Reversible USB 3.1 Cables


For almost two decades computer users’ difficulties regarding trying and failing to plug-in the USB connectors will come to an end. The new Type-C USB connector model is going to be both symmetrical and reversible. The ends of the cable will the same at both ends and it will no longer matter which way the plugs are.

The only downside of the new Type-C cables is that they will be compatible only with 3.1 USB specifications and no other current ports. Due to this, manufacturers are presented with the choice of using the common Standard-A type, the source of plugging difficulties and, now, lesser transfer speeds, or the new Type-C connectors.


Alex Peleg, the vice-president of chipmaker Intel’s platform engineering group, expects the new 3.1 USB technology to become widespread very fast. He stated that the new connector technology for delivering data, power and video will be able to be used for all devices and no other connectors will be needed, like power connectors or video ones.


Images of the new connector were revealed when the Taiwanese company Foxconn included renders of the Type-C cables in a presentation leaked to Golem website. But by now, no official date has been given for when the first device that uses this connector will be available in the IT market.


Type-C USB connector

The Type-C cable is somewhat resembling with the Apple’s Lightning connector, which was introduced in 2012, but it is much thinner and it’s reversible than the proprietary 30-pin Apple’s connector. The USB Promoter Group stated that they are developing the new Type-C connector to help new thinner and sleeker designs emerge, to enhance usability and provide a new path for improvement of future USB revisions.

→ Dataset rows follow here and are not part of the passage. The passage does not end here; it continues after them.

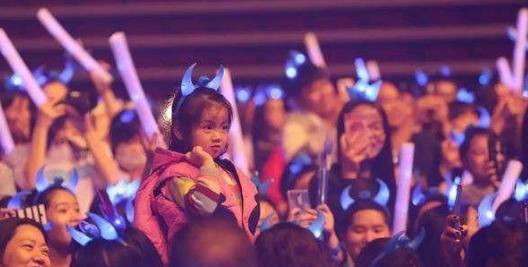 甜馨见王源好羞涩,邓紫棋认邓超做岳父,而阿拉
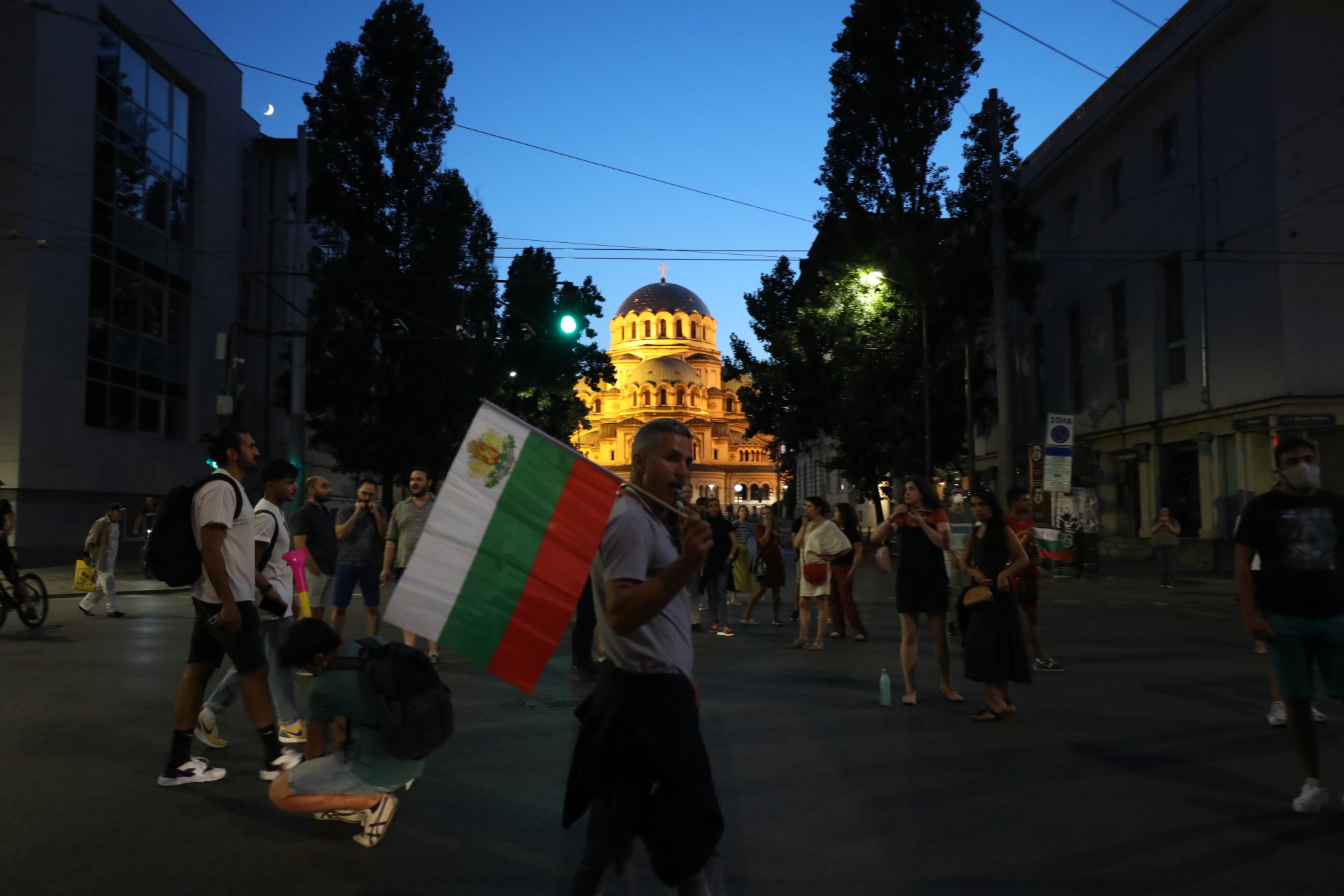 16-ти ден на протести срещу властта в София.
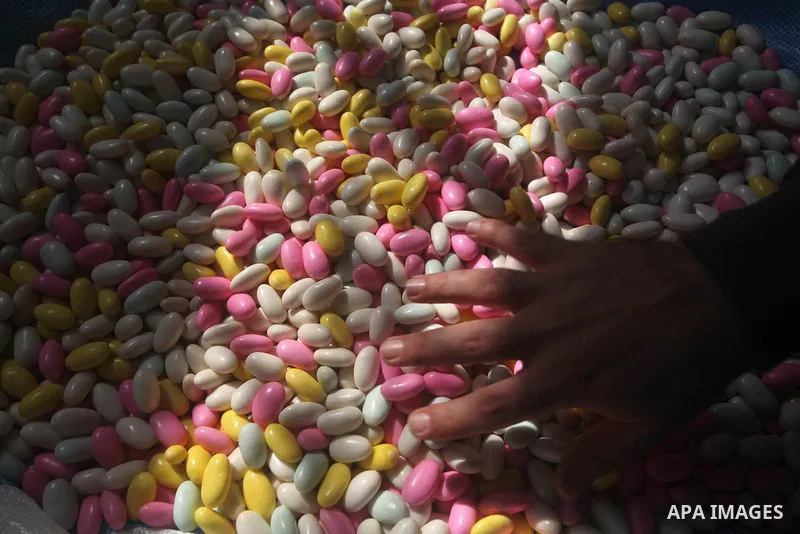 Palestinian labourers work at a factory for making of candy in Gaza city on Nov. 14, 2012. Photo by Ashraf Amra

The 3.1 version is the biggest change in USB technology since its standardisation in 1996. It offers maximum throughputs of 4 gigabits per second and includes plugs for every category of devices. Today, we use the USB Type-A, Type-B, Mini-A, Mini-B, Micro-A and Micro-B USB cables, some of them, with different shapes and performances. And not every connector was equally successful. Mini-A, Mini-B and Micro-A are pretty rarely used and the Type-B was out of fashion in the 2000s, when smaller connectors appeared.


The Type-C connectors will have a big advantage when it comes to flexibility, but they will lose a lot on the backwards compatibility level. Still, USB 3.0 devices will be able to link with the help of USB 2.0 cable, but at the cost of transfer rate speed.